Architecturally, the city has been an incubator for experimentation from the influential works of Richard Neutra and Rudolph Schindler in the early twentieth century to the iconic works of the mid-century post-war environment perhaps best recognized in the region's experimental Case Study House program, the subject of MOCA's Blueprints for Modern Living: History and Legacy of the Case Study Houses (1999). The burst of radical exploration that defined the late 1970s and 1980s continues a legacy of architectural innovation through to the present.

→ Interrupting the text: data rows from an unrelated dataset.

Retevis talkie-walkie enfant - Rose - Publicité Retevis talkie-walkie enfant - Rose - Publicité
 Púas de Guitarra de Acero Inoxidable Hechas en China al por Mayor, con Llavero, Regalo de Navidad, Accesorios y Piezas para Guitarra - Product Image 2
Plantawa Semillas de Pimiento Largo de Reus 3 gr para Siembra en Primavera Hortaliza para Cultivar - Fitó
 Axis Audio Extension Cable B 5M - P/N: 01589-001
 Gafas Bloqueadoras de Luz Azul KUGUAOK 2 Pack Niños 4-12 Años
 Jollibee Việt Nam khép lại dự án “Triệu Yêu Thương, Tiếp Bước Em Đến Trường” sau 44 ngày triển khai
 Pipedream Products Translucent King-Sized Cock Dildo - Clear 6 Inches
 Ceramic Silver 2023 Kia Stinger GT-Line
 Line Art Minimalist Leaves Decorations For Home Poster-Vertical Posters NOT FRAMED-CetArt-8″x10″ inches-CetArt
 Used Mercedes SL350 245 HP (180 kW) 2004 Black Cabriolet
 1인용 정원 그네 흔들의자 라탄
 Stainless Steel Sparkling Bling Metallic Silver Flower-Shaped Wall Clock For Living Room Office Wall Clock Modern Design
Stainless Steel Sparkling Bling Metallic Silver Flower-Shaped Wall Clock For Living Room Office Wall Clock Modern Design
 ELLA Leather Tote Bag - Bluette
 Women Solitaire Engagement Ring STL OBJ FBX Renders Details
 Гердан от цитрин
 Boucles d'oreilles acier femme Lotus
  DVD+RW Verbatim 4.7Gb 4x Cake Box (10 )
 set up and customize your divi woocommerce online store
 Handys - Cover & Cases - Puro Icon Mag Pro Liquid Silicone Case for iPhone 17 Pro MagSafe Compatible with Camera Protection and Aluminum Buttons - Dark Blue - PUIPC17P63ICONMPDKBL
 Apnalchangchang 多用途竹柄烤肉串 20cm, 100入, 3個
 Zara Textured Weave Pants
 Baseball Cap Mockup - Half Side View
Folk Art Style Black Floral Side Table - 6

A New Sculpturalism examines the work of thirty-eight major and emerging practices in contemporary Los Angeles architecture of the past twenty-five years. What unites this group of architects is not a drive towards a singular aesthetic, style or form but rather a relentless commitment to asking essential questions and challenging the very notion of what architecture is and can be. Their work is distinguished by innovative design, inventive use of materials, and a bold visual vocabulary. Many have deep roots in Southern California, while others have been drawn here from around the world by the magnetic lure of an unconstrained creative environment. Most have strong affiliations with the Southern California Institute for Architecture (SCI-Arc), the Department of Architecture and Urban Design at the University of California, Los Angeles, and the University of Southern California Department of Architecture. Among the earlier generation of represented architects are Frank Gehry, Thom Mayne, and Eric Owen Moss, from whose practices have emerged younger generations of architects, a number of whom are included in the exhibition.
Through
the inclusion of hand-made drawings, three-dimensional models, and
other preparatory works, the exhibition aims to convey a sense of the
processes these architects use to invent and experiment. Photographs of
the resulting built structures along with the voices of the architects
articulating their practices are integrated into the overhead multimedia
installation. Images of the projects are also accessible through the QR
codes that are adjacent to the drawings and models on display. Three
full-scale built projects, or pavilions, designed by younger architects
Elena Manferdini (Atelier Manferdini), Marcelo Spina and Georgina
Huljich (P-A-T-T-E-R-N-S), and Tom Wiscombe (Tom Wiscombe Design),
exemplify how the drive to invent continues to be a pervasive part of
the current architectural dialogue. Celebrating the ideas, projects, and
processes of an architectural community that continually seizes the
opportunity to redefine architecture, both locally and globally, the
exhibition demonstrates how Los Angeles is one of the world's vibrant
centers for architectural thinking and creation, exporting its creative,
intellectual capital all over the world.